Having escaped on a stolen horse, Bonneville reaches the red building shortly after Pan, closely followed by the army of the Magisterium. The army detonates explosives, sealing the door to the other world; Lyra uses the alethiometer needle to cut her way back. Delamare is killed by Bonneville, and Lyra and Pan are at last reunited.

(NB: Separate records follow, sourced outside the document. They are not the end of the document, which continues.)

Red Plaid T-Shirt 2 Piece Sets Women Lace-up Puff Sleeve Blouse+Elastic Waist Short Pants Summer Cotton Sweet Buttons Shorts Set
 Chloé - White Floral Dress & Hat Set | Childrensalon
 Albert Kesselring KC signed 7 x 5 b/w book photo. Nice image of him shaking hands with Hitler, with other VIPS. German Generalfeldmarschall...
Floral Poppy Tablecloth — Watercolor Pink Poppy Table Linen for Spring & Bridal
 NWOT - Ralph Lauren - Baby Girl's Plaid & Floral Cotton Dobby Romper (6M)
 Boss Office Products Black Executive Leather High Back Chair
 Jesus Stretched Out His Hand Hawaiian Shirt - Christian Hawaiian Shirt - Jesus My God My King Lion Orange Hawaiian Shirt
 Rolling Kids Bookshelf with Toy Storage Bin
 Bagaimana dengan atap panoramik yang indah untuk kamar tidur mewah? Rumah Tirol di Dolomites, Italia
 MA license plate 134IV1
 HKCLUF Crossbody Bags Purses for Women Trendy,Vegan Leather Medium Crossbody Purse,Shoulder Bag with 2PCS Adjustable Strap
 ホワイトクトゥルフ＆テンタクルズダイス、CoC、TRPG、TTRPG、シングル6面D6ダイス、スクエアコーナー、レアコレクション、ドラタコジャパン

Lyra learns that Bonneville is her half-brother, and the two come to an understanding. Lyra and Pan discuss Dust; Lyra suggests that Dust is the result of human imagination interacting with the Rose Field.

== Principal characters ==
- Lyra Silvertongue (formerly Belaqua): protagonist
- Malcolm Polstead: Lyra's former teacher and friend; Oakley Street agent
- Abdel Ionides (formerly Professor Rashid Xenakis): Lyra's guide
- Glenys Godwin: director of Oakley Street
- Tilda Vasara: queen of the northern witches
- Mustafa Bey: wealthy Turkish merchant
- Marcel Delamare, head of the Magisterium
- Olivier Bonneville: Delamare's nephew, alethiometer specialist
- Sorush: sorcerer
- Gulya: a gryphon, enchanted by Sorush

== Critical reception ==
Writing in The Guardian, Sarah Crown praised the author for bringing The Book of Dust trilogy to a complex and fitting end, though she considered the story to be rather circuitous in places. Nevertheless, the narrative drive is, she said, strong enough to carry the reader over the digressions, and the novel ends with a "fantastically nail‑biting ride".

==Conception==
Pullman reported challenges writing the novel due to the COVID-19 pandemic and aging. In an interview with The Washington Post, he described writing by computer instead of on paper, due to pain in his hand: "I couldn't write this one by hand as I had for the previous 50, 60 years." In another interview, Pullman described his feelings on the culmination of his The Book of Dust series, stating: "This whole series took 30 years. And you don't undertake a task like that unless you can do it with all your being, including your moral being."